Film "A Lucky Man"


February 11 2012, 07 PM

Gordon Clark ( Südafrika), "A Lucky Man"

Followed by a round table talk
Ernie Solomon, Gordon Clark (director) and Mark Fyfe (producer)

watch the trailer

A Lucky Man” is a morality story in which the perplexing issues of identity and morality are played out in the life of a man  literally living on the edge. Born into a family where he is an outsider and growing up in a city and country in which he is a member of a community deemed neither white nor black, Ernie ‘Lastig’ Solomon sets out on a road fraught with crime, violence and abuse in search of himself and a place he can call home. It is the universal tale of humanity:  the longing for belonging.

Set in the impoverished Cape Flats, a peri-urban sprawl on the periphery of one of the world’s most beautiful cities, Cape Town,” A Lucky Man” traces  the story of Ernie’s search for identity and meaning as it takes him on a road in which he collides with both family and society. He becomes the ultimate outcast, a bastard son and a criminal. For such a one there is but one home, prison, the ‘Big House’, the inevitable destination ………

Ernie’s quest for identity brings out an inventive propensity for self- creation, assuming identities at will which, through a mixture of cunning and luck, enable him to survive. But Ernie is driven by an irresistible quest for his real self and trusts his own instincts to take him beyond mere survival. Ernie ‘Lastig’ (‘nuisance’) Solomon’s  is unable to escape the ‘nuisance ‘of his self-badgering: to know himself  and to be known for who he is.

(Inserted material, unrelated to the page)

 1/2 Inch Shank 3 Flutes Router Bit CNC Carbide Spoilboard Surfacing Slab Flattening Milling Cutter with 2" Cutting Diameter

“A Lucky Man” avoids both the glamourization and the sensationalization of the lives of people for whom a life of crime is not a choice but an often inevitable response to the living in a society in which circumstances and fate are not of their choosing nor making. It is not an apologia attempting to solicit sympathy. It simply asks the question: Given the same circumstances dished out by fate, having to watch your back as you pursued your search for your sense of self, for your intrinsic sense of belonging, what would you do? Would you consider yourself ‘lucky man’ to have survived yet alone learned to live and fulfilled the longing to belong?